Exercise requirements:
So that the copy stays text only, transcribe the data below exactly and exclude the images.

Material provided:
[Start of section]

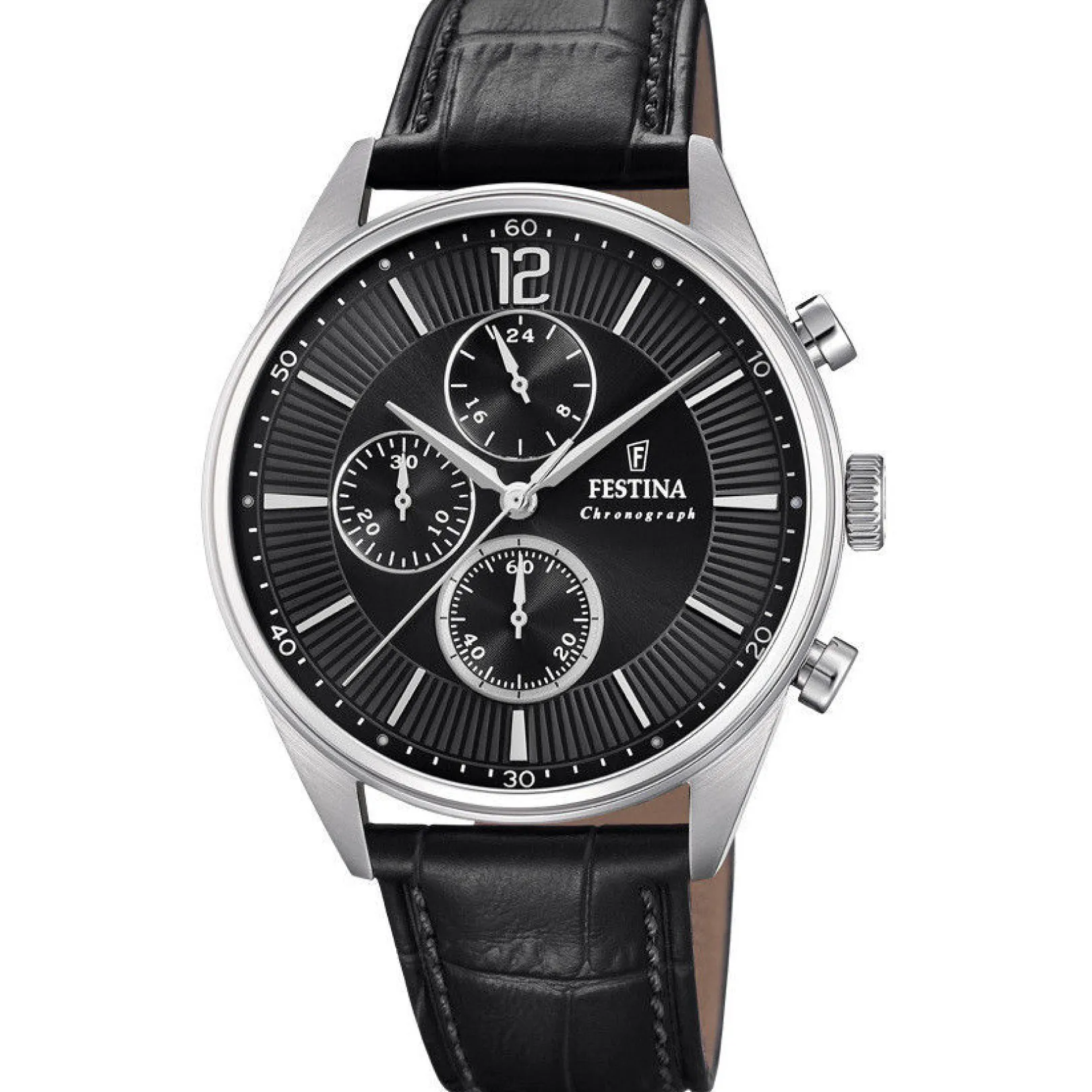 orologio_cronografo_uomo__0-13.webp Fashion Orologio Cronografo Uomo Timeless Chronograph | F20286/4 Uomo Orologi Uomo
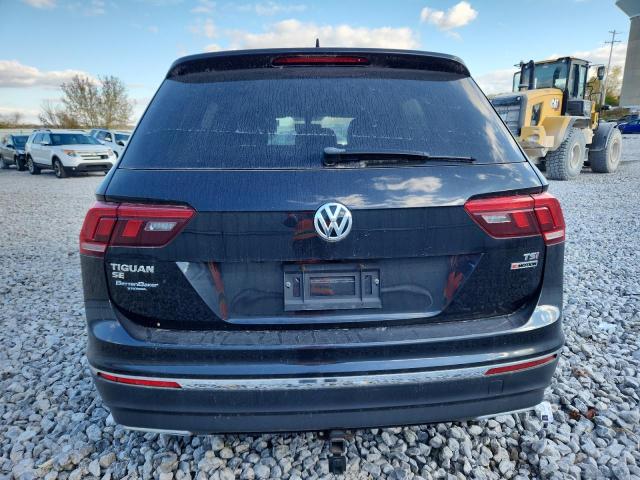 2018 VOLKSWAGEN TIGUAN SE - 3VV2B7AX2JM014280
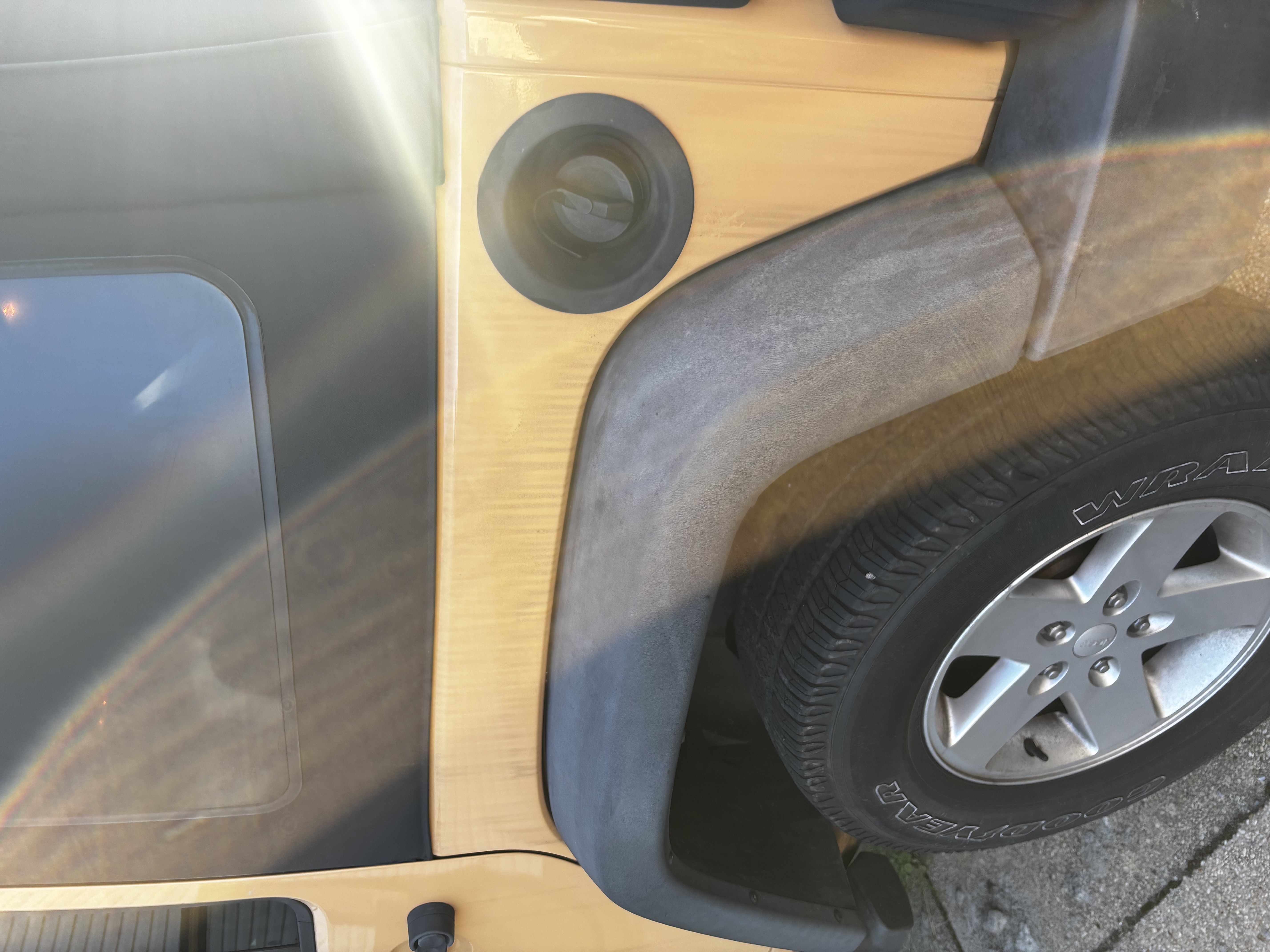 Used 2014 Jeep Wrangler Unlimited Sport w/ Quick Order Package 24S AWD/4WD image 6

[End of section]

Solved exercise:
 orologio_cronografo_uomo__0-13.webp Fashion Orologio Cronografo Uomo Timeless Chronograph | F20286/4 Uomo Orologi Uomo
 2018 VOLKSWAGEN TIGUAN SE - 3VV2B7AX2JM014280
 Used 2014 Jeep Wrangler Unlimited Sport w/ Quick Order Package 24S AWD/4WD image 6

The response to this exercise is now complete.